Şer‘î Kaidelerle Tasavvuf -49- FELSEFE ve MANTIK
Dr. Ahmet Hamdi YILDIRIM
(Şâzelîmeşâyıhından Ahmed Zerrûk [v. 899/1494] Hazretleri’nin; tasavvufu, usûl ve fıkıh kaideleriyle anlattığı Kavâidü’t-Tasavvuf ve Şevâhidü’t-Taarruf adlı eserinin tercüme ve şerhine devam ediyoruz.)
HAKÎM TAVRI
Müellifimiz, önceki maddede tasavvuf erbâbının; zâhid, ârif ve mürid gibi farklı sıfatlarını ele almıştı. Bu maddede, felsefe ve mantık ilimleriyle meşgul olanların bakış açısını ve bu ilimlerin tasavvuf ile münasebetini ele alıyor.
Yetmiş Birinci Kaide:
“Hakîm, varlığa hakikatleri açısından bakar.”
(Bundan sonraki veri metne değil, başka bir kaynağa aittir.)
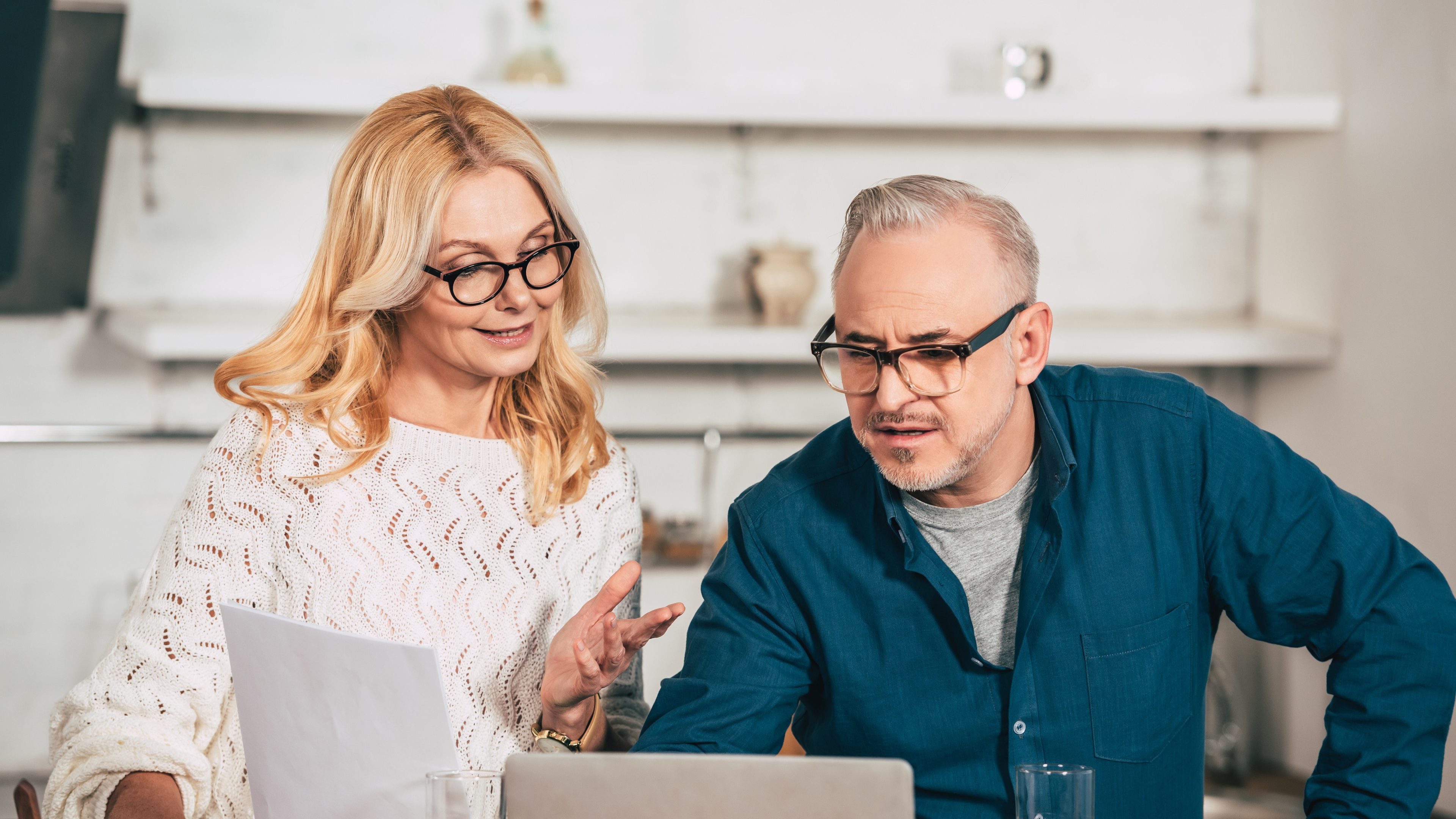 attractive woman holding blank paper and standing with husband in eye glasses near laptop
Hakîm; hikmet sahibi, hikmetle meşgul olan, feylesof yahut filozof denilen kişidir. Felsefe kelimesinin Yunanca filo-sofya, hikmet sevgisi demek olduğu söylenir. Ayasofya Camii’nin adında da geçen «sofya», Yunan eserleri Arapçaya çevrilirken «hikmet» kelimesi ile tercüme edilmiştir. Türkçede bilgelik diye tercüme ediliyor.
Varlığı ince noktalarıyla araştıran, inceliklerini öğrenmeye çalışan kimselere hakîm denirdi. Eskiden bütün ilimler beraber mütalâa edildiği için, tabip mânâsına gelen hekim kelimesi de buradan gelir.
Eskiden matematik, tıp, kimya vb. bütün ilimler felsefenin altında mütalâa edilirdi. Daha sonra ilimler ve fenler çoğalıp çeşitlenmiş; müşâhede ve tecrübe sayesinde, ulaşılan ve ispatlanan fizik kanunlarıyla bu ilimler müsbet ilim / fen hâline gelmiş ve felsefe çatısından ayrılmıştır.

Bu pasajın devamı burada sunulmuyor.